--- START ---

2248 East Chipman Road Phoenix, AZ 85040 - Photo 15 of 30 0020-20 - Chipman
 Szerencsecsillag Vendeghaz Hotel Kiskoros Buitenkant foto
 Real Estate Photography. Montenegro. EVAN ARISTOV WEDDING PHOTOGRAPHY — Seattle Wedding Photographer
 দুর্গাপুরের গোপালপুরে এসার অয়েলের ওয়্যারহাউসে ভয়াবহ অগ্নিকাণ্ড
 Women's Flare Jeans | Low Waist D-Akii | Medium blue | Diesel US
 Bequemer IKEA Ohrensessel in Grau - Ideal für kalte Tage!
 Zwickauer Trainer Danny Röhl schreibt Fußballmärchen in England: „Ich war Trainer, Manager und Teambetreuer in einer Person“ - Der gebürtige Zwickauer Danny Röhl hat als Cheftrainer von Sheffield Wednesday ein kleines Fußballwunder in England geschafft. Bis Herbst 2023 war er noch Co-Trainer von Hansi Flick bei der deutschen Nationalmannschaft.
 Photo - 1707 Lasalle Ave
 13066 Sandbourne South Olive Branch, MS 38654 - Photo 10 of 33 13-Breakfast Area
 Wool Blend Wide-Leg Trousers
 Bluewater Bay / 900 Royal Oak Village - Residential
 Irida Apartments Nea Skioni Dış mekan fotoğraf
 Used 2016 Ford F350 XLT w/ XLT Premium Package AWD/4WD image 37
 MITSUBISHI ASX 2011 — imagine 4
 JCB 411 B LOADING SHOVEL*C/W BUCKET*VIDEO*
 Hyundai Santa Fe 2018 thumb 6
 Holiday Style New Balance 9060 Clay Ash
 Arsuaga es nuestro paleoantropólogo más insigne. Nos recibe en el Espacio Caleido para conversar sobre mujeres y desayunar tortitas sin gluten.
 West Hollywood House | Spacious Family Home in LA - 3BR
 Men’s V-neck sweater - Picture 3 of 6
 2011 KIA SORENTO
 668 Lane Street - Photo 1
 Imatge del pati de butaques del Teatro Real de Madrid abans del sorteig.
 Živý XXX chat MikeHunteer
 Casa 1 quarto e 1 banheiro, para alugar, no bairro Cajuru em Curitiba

--- END ---

How to complete this task:
No line may be skipped. Transcribe the listing above exactly.

Result of this task:
2248 East Chipman Road Phoenix, AZ 85040 - Photo 15 of 30 0020-20 - Chipman
 Szerencsecsillag Vendeghaz Hotel Kiskoros Buitenkant foto
 Real Estate Photography. Montenegro. EVAN ARISTOV WEDDING PHOTOGRAPHY — Seattle Wedding Photographer
 দুর্গাপুরের গোপালপুরে এসার অয়েলের ওয়্যারহাউসে ভয়াবহ অগ্নিকাণ্ড
 Women's Flare Jeans | Low Waist D-Akii | Medium blue | Diesel US
 Bequemer IKEA Ohrensessel in Grau - Ideal für kalte Tage!
 Zwickauer Trainer Danny Röhl schreibt Fußballmärchen in England: „Ich war Trainer, Manager und Teambetreuer in einer Person“ - Der gebürtige Zwickauer Danny Röhl hat als Cheftrainer von Sheffield Wednesday ein kleines Fußballwunder in England geschafft. Bis Herbst 2023 war er noch Co-Trainer von Hansi Flick bei der deutschen Nationalmannschaft.
 Photo - 1707 Lasalle Ave
 13066 Sandbourne South Olive Branch, MS 38654 - Photo 10 of 33 13-Breakfast Area
 Wool Blend Wide-Leg Trousers
 Bluewater Bay / 900 Royal Oak Village - Residential
 Irida Apartments Nea Skioni Dış mekan fotoğraf
 Used 2016 Ford F350 XLT w/ XLT Premium Package AWD/4WD image 37
 MITSUBISHI ASX 2011 — imagine 4
 JCB 411 B LOADING SHOVEL*C/W BUCKET*VIDEO*
 Hyundai Santa Fe 2018 thumb 6
 Holiday Style New Balance 9060 Clay Ash
 Arsuaga es nuestro paleoantropólogo más insigne. Nos recibe en el Espacio Caleido para conversar sobre mujeres y desayunar tortitas sin gluten.
 West Hollywood House | Spacious Family Home in LA - 3BR
 Men’s V-neck sweater - Picture 3 of 6
 2011 KIA SORENTO
 668 Lane Street - Photo 1
 Imatge del pati de butaques del Teatro Real de Madrid abans del sorteig.
 Živý XXX chat MikeHunteer
 Casa 1 quarto e 1 banheiro, para alugar, no bairro Cajuru em Curitiba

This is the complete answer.